築年数の浅いマンションは、まだ劣化や損傷が大きくない可能性が高いため、修繕費がかかりにくい特徴があります。

タワーマンションに関しては、共用部分や設備が豪華なケースが多いので管理費が高額になる傾向にあります。

このように、マンションのタイプによって管理費や修繕費は大きく異なるため、事前にどれくらいかかるのか調べておくのがよいでしょう。

将来売却しやすいか

マンションの購入は、将来売却しやすいマンションかどうかも視野に入れておくようにしましょう。

理由として、マンションは相続放棄されるケースが増えているからです。

マンションは、戸建てと違って簡単に建て替えたり更地にして土地活用できません。

すまリス
売れなかったら空き部屋として放置するしかないんだ

いずれ相続する子どもの立場からすると、売却も選択できるマンションであれば相続することも検討できます。

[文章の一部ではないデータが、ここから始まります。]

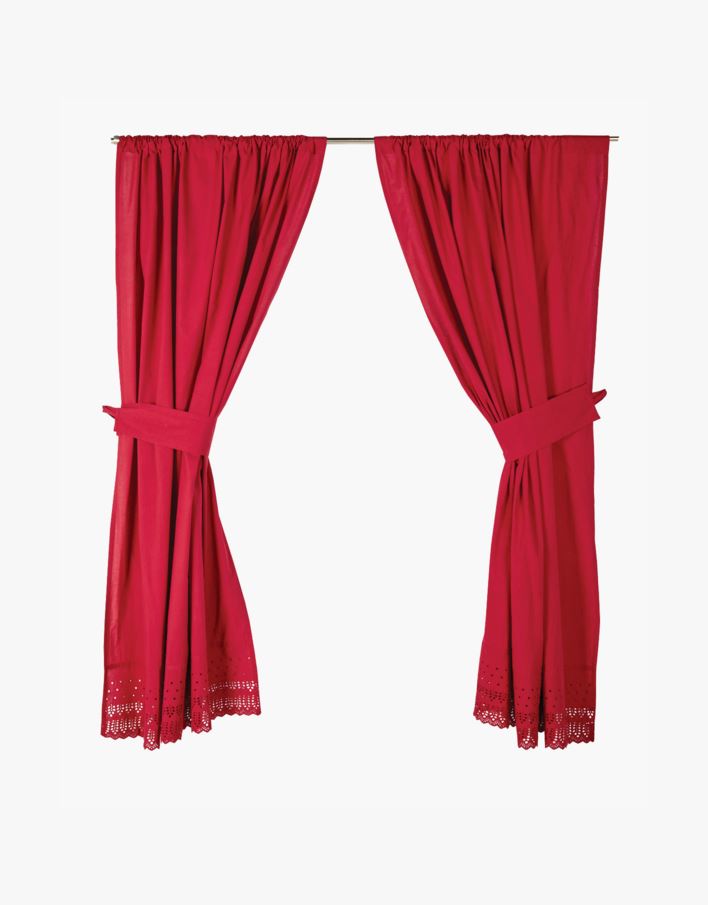 Gardinfag rød - 120x160 cm rød - 1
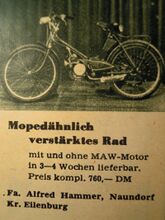 Werbung aus einer DDR-Zeitschrift, September 1959.
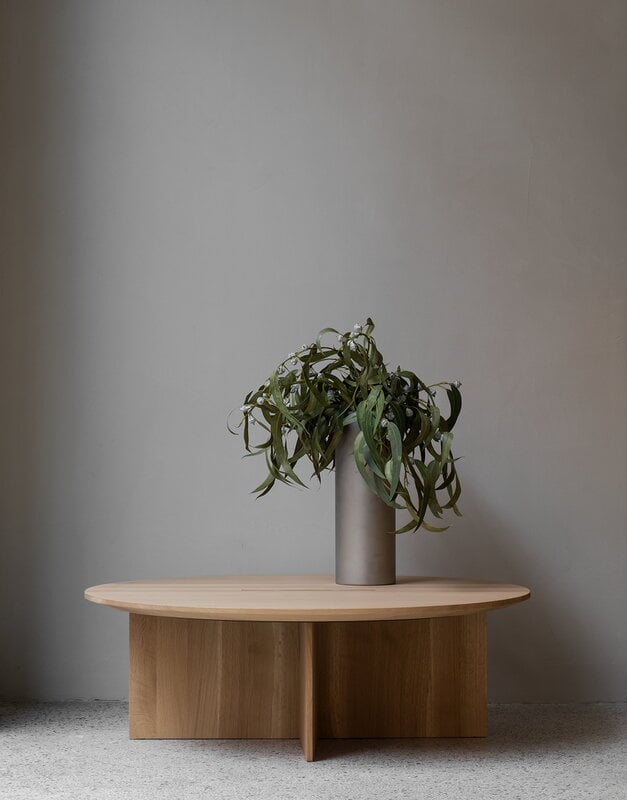 Karimoku Case N-ST02 table basse, 100 x 100 cm, chêne laqué, image décorative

そのため、マンションを購入する時は、「将来的に売却できるかどうか」も考えておく必要があります。

なお、売却しやすいマンションは以下のとおりです。

  • 駅から徒歩5分圏内
  • 周辺に利便施設が多い
  • 開発が予定されているエリア
  • 管理費や修繕費が安い

築年数の経過した古いマンションでも、これらの条件を満たしていれば十分に売却可能です。

子どもに相続するときのことを考えて購入しましょう。

戸建てを売却してマンションを購入した人の体験談

戸建てを売却してマンションを購入した人は、どのくらいの期間をかけて住み替えているのでしょうか?

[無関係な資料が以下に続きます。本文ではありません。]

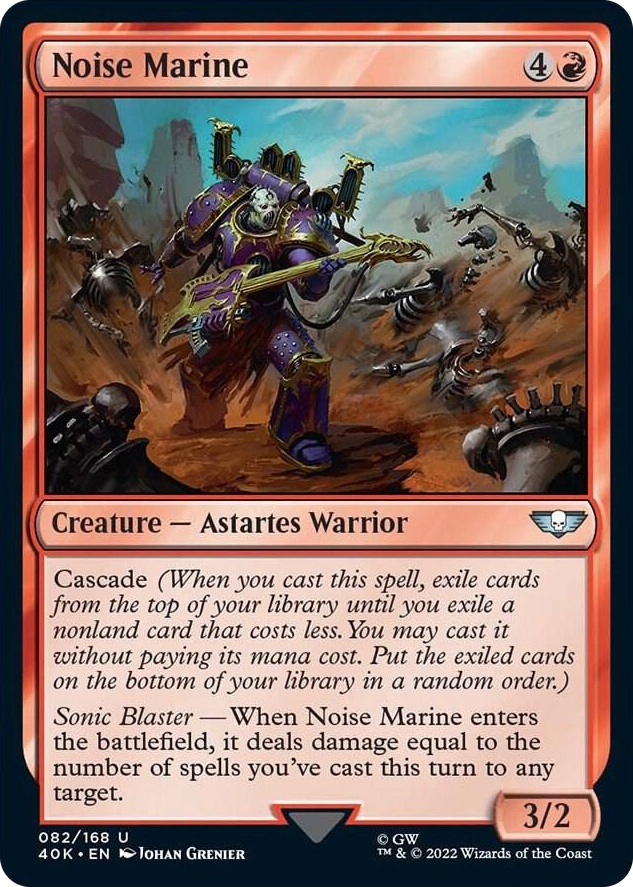 0082 Noise Marine U Universes Beyond: Warhammer 40,000
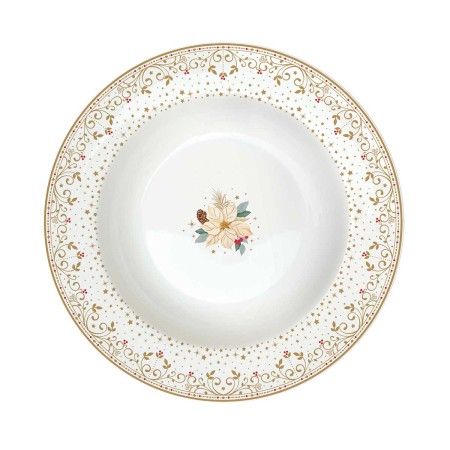WHITE ELEGANCE SOUP PLATE 21,5CM PORCELAIN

ここでは、実際に戸建てからマンションへ住み替えた人の体験談をご紹介します。

すまリス
きっかけやどんなことに注意したのかも気になるね!

年齢によってはローンが組めない

この方は、義父が戸建てからマンションへ住み替えた際の住宅ローンについて投稿しています。
住宅ローンは借入人の返済能力の有無を見ているため、高年齢の場合は審査に通らない可能性があります。
特にマンションの価格は高騰しているので、ローン借入額も高くなる傾向にあるため、余計に審査に通りにくいといえるでしょう。
すまリス
「収入」「職業」「年齢」などを見られるんだ!

住み替えに伴う整理が大変

この方は、マンションへの住み替えに伴う、グッズ等の整理が大変だと投稿しています。

間取りによりますが、マンションは戸建てよりも収納性で劣る可能性が高く、物が多い場合は引っ越し時に大変な思いをすることになります。

マンションへの住み替えを検討している方は、事前に断捨離をしておくのがよいでしょう。

すまリス
物が減れば引っ越し費用も抑えられるよ!

子どもが独立した後はマンションの方が住みやすい

子どもがいる間は戸建ての方が便利ですが、子どもが独立すると夫婦二人で生活するため、広すぎる状態となります。

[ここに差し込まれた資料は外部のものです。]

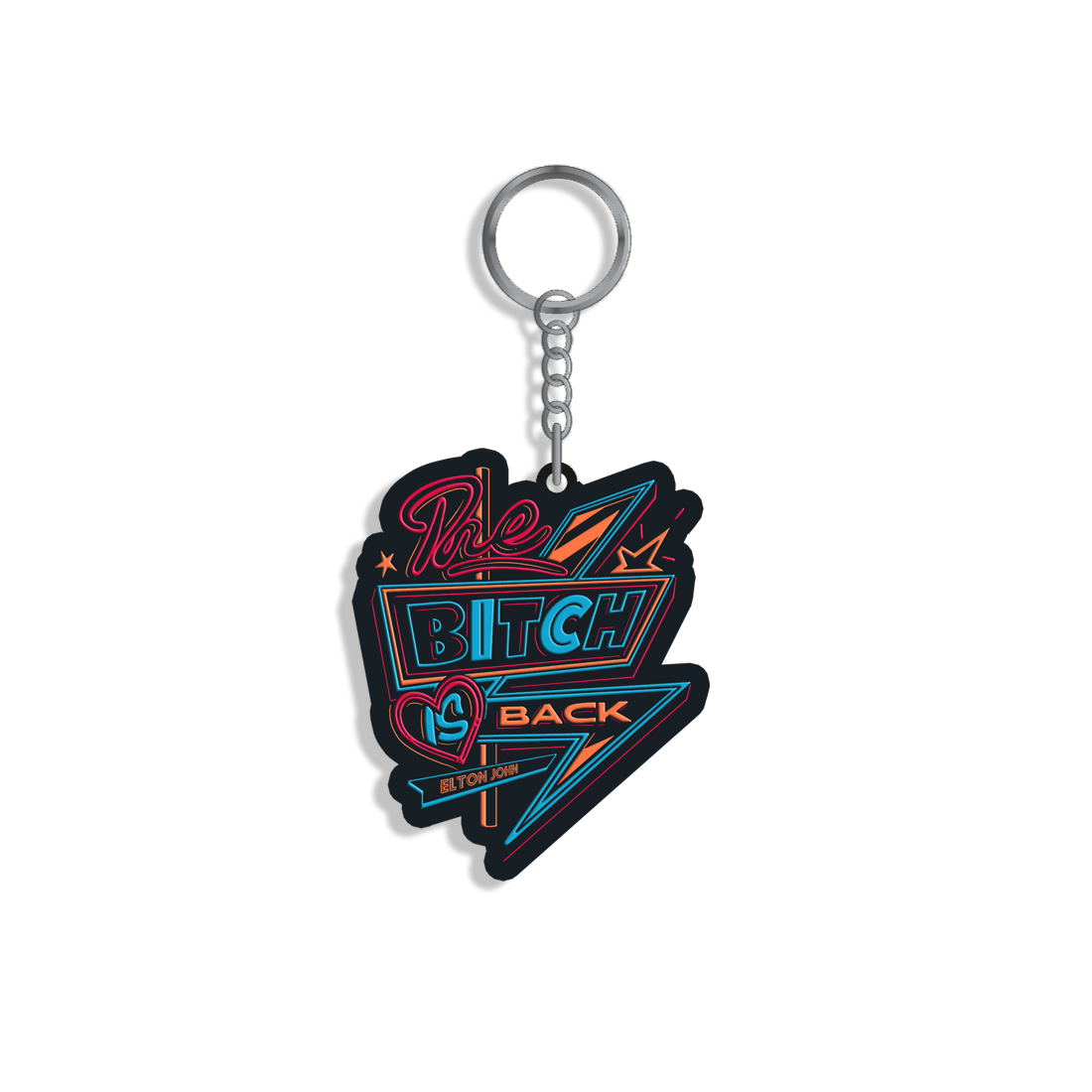 Elton John - The Bitch Is Back Sign Keyring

2階や3階建ての場合、徐々に使用しなくなることも考えられます。また、老後は階段の昇り降りが億劫となり、さらに必要なくなるでしょう。

このように、子どもの独立のタイミングでマンションへ住み替える人も一定数います。

すまリス
「夫婦2人で3LDK」は広すぎるよね!

戸建ての売却とマンションの購入は計画的に進めよう

戸建てを売却しマンションへ住み替えをスムーズに完了させるには、計画的に進めていくことが重要です。

売却まで半年以上の時間がかかるだけでなく、マンションならではのランニングコストの発生や、戸建て売却時に依頼する不動産会社を調べておくなど、さまざまな用意が必要となります。

住み替えを具体的に考えるために、いくらくらいで戸建てを売却できそうか、信頼できる不動産会社探しから始めるのもおすすめです。戸建てからマンションへの住み替えを後悔することがないよう、注意点をおさえ、計画的な住み替えを目指しましょう。